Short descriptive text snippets
****************

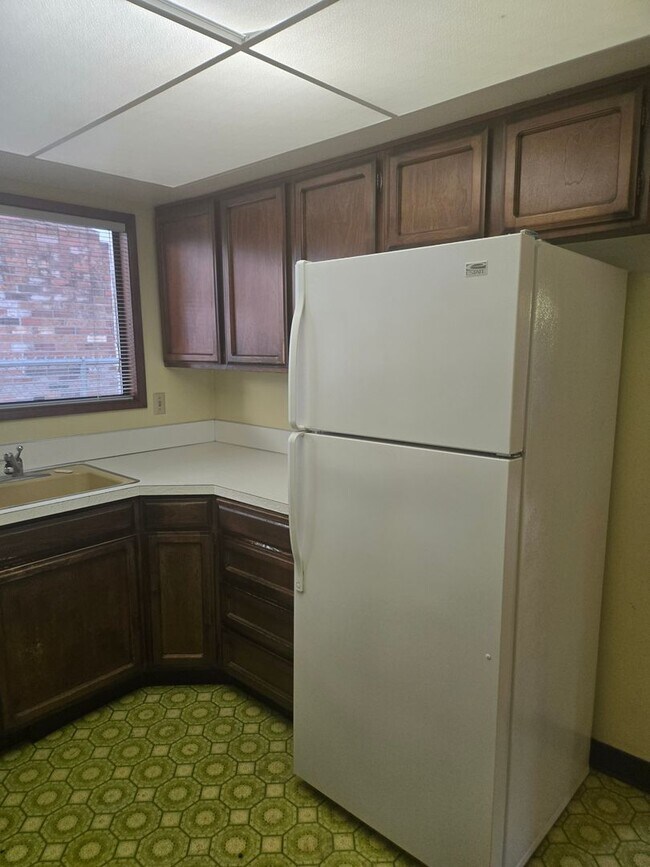 Foto del edificio - 10202-10202 SW Crystal St
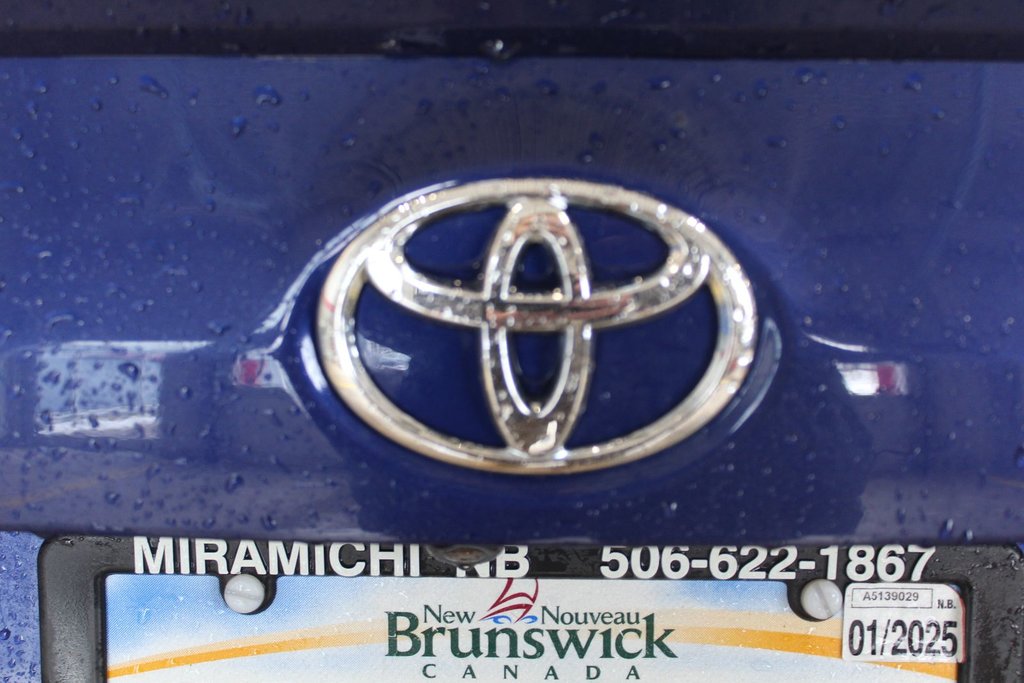 2017  Corolla SE in Miramichi, New Brunswick - 8 - w1024h768px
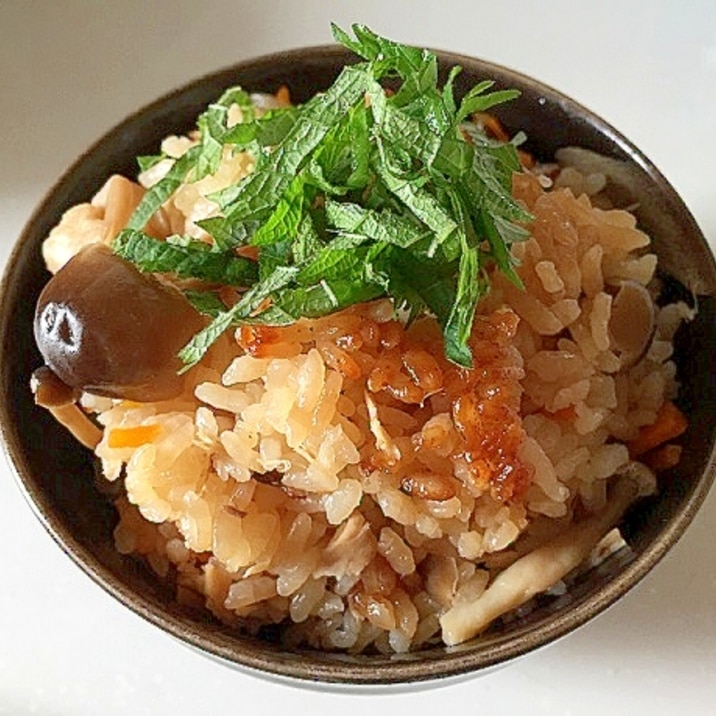 ヨシダソース グルメのたれを使った絶品炊き込みご飯 レシピ 作り方 By まいまい917 楽天レシピ ヨシダソース グルメのたれを使った絶品炊き込みご飯 レシピ 作り方 By まいまい917 楽天レシピ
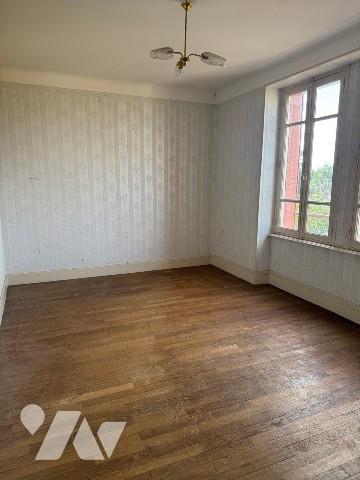 Maison individuelle à rénover possédant un jardin avec puits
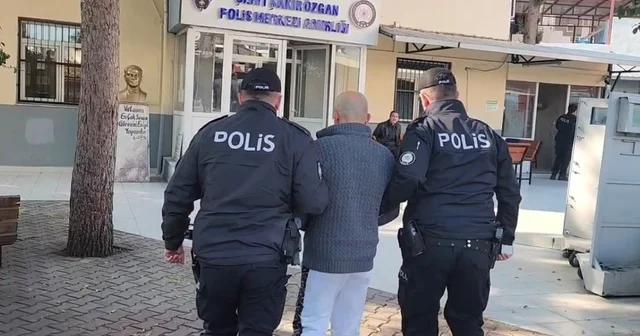 İzmir de aranan 2 şüpheli kıskıvrak yakalandı İzmir Haberleri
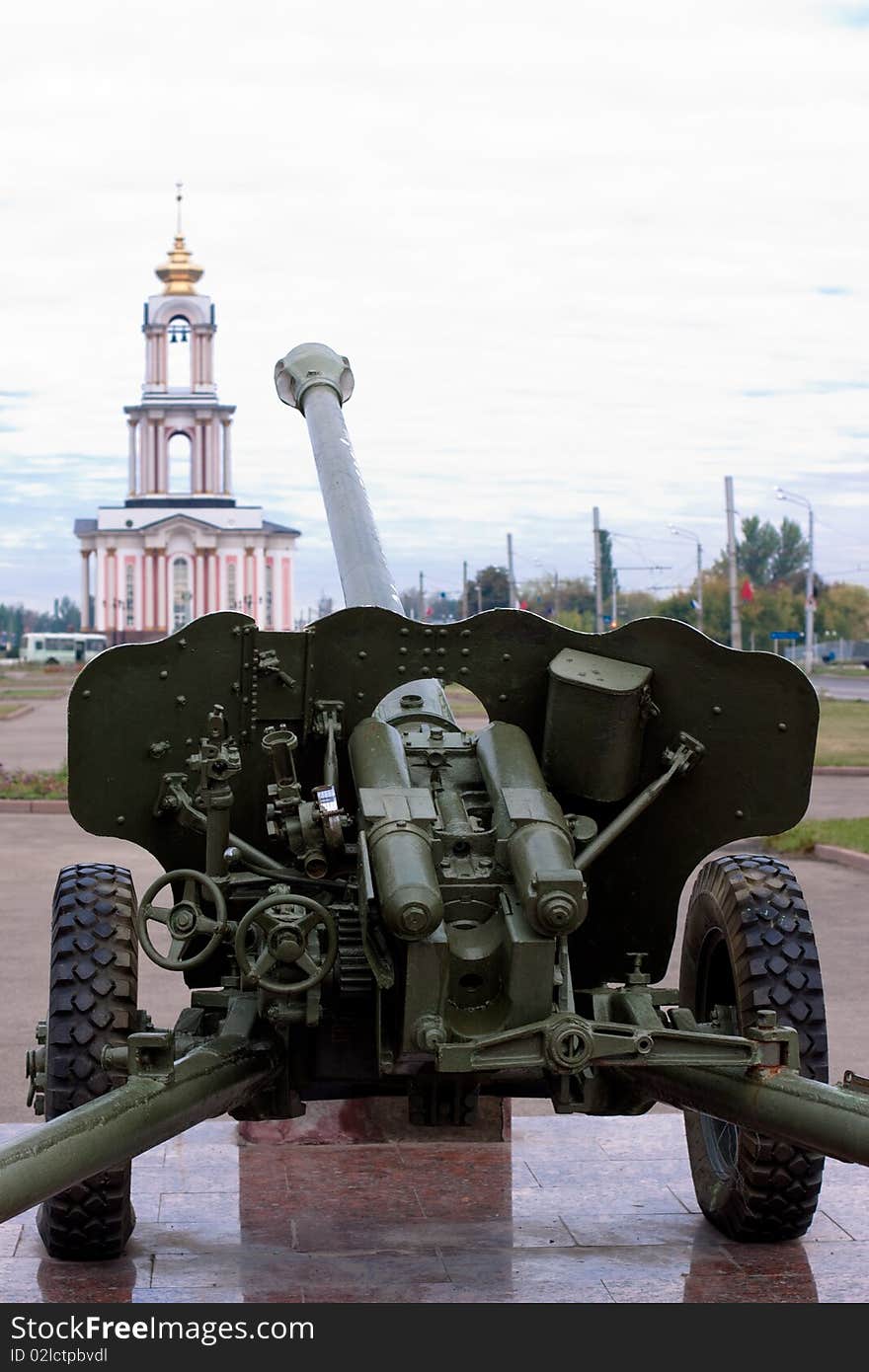 A memorial main gun and a pink orthodox church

****************

### TASK DESCRIPTION
Copy the data character for character, but drop all pictures from the copy.

### WRITTEN SOLUTION
 Foto del edificio - 10202-10202 SW Crystal St
 2017  Corolla SE in Miramichi, New Brunswick - 8 - w1024h768px
 ヨシダソース グルメのたれを使った絶品炊き込みご飯 レシピ 作り方 By まいまい917 楽天レシピ ヨシダソース グルメのたれを使った絶品炊き込みご飯 レシピ 作り方 By まいまい917 楽天レシピ
 Maison individuelle à rénover possédant un jardin avec puits
 İzmir de aranan 2 şüpheli kıskıvrak yakalandı İzmir Haberleri
 A memorial main gun and a pink orthodox church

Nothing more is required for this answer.